● Problem details
Among the entries below, one line contains "Detail Gallery Image" and another contains "Photo 3 VIN: 5TDYK3DC9BS154323". Transcribe those two lines and every line between them, exactly.

● Data provided
● ● ● ● ● ● ●

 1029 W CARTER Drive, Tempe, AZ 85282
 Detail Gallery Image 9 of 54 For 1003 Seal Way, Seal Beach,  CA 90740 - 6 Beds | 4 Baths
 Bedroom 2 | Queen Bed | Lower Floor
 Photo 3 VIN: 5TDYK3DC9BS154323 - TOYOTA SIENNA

● ● ● ● ● ● ●

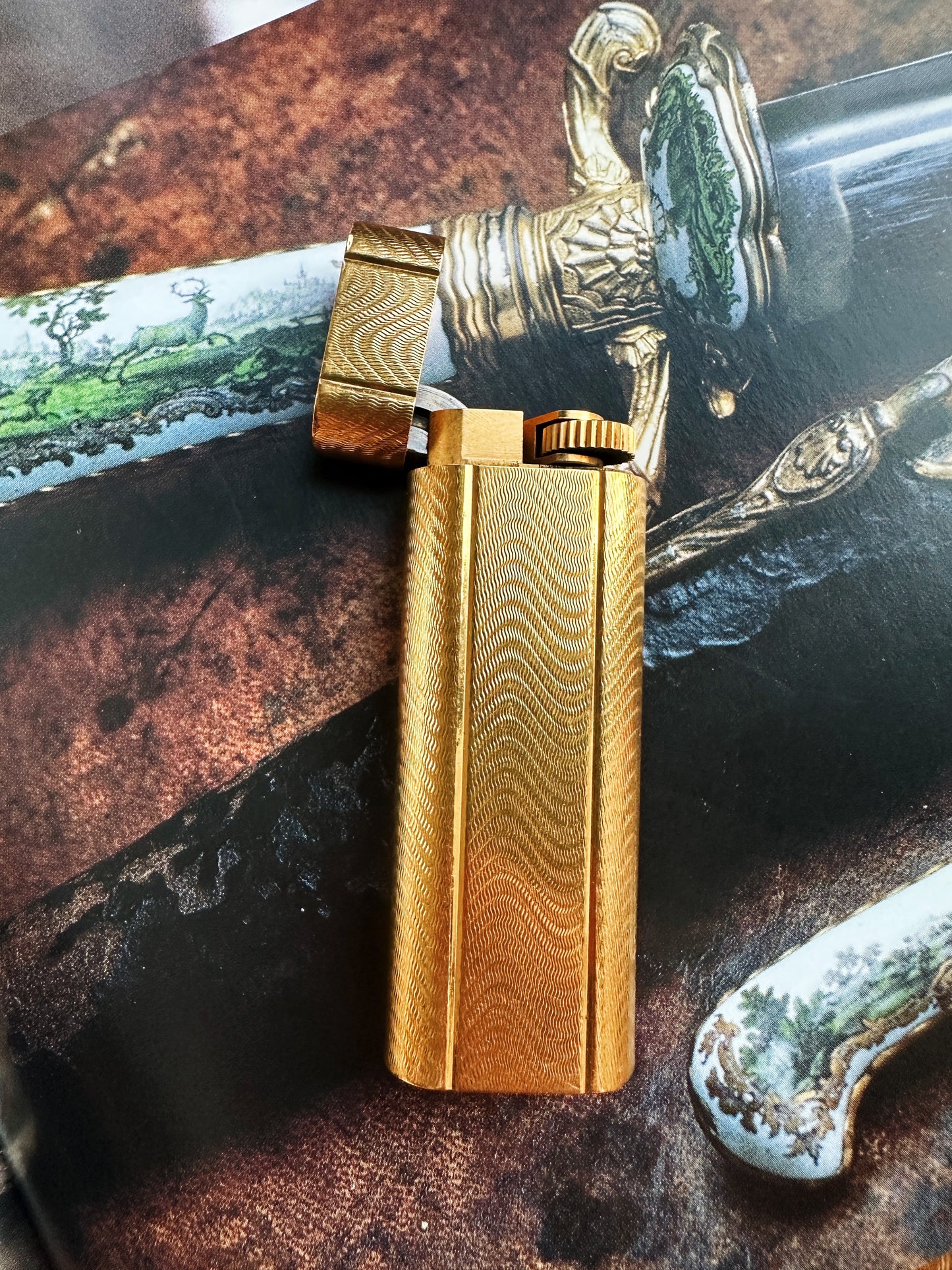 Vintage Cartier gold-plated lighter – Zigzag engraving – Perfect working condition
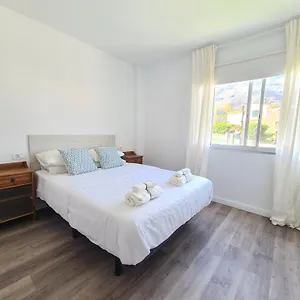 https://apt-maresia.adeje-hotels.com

● ● ● ● ● ● ●

● Answer to this task
 Detail Gallery Image 9 of 54 For 1003 Seal Way, Seal Beach,  CA 90740 - 6 Beds | 4 Baths
 Bedroom 2 | Queen Bed | Lower Floor
 Photo 3 VIN: 5TDYK3DC9BS154323 - TOYOTA SIENNA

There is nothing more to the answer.